Ex Motel Agip: sorpresi mentre rubavano tubi di rame
Il primo intervento è stato effettuato dai Carabinieri della Stazione Crispi, allertati da una segnalazione giunta al 112 che indicava la presenza di persone sospette all’interno dell’area dell’ex Motel Agip. Gli operanti, dopo essere entrati con cautela nel sito, hanno sorpreso due giovani di 20 e 25 anni, già noti alle forze dell’ordine, intenti ad asportare tubi di rame, parte dei quali era già stata caricata su un mezzo nella loro disponibilità. Durante la perquisizione, i militari hanno rinvenuto numerosi arnesi da scasso, utilizzati per il furto. Per entrambi sono scattate le manette con l’accusa di furto aggravato.

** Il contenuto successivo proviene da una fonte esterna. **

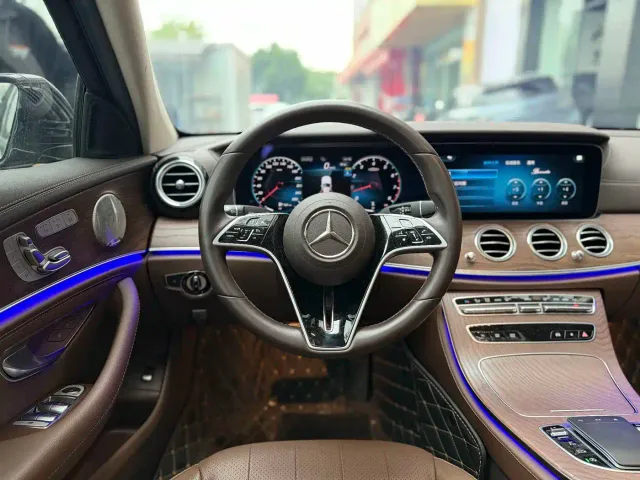 Mercedes-Benz E-Class — Фото автомобиля 9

Piazzale Giotto: anziano borseggiato al mercato
Parallelamente, i Carabinieri della Stazione Uditore hanno arrestato un 42enne palermitano, anch’egli già noto alle forze dell’ordine, ritenuto responsabile di furto con destrezza. L’uomo è stato sorpreso al mercatino rionale di Piazzale Giotto, dove – secondo la ricostruzione dei militari – avrebbe agito insieme a due complici: questi ultimi avrebbero distratto un anziano con un pretesto, consentendo al 42enne di sottrargli il portafoglio. L’intervento immediato dei Carabinieri, reso complesso dalla folla presente, ha permesso di bloccare l’indagato in flagranza, mentre i due complici sono riusciti a dileguarsi.
Presunzione di innocenza
È doveroso ricordare che gli indagati sono, allo stato, soltanto gravemente indiziati e che la loro posizione sarà valutata dall’Autorità giudiziaria nel corso dell’intero iter processuale, fino a un’eventuale sentenza definitiva, nel pieno rispetto del principio di presunzione di innocenza.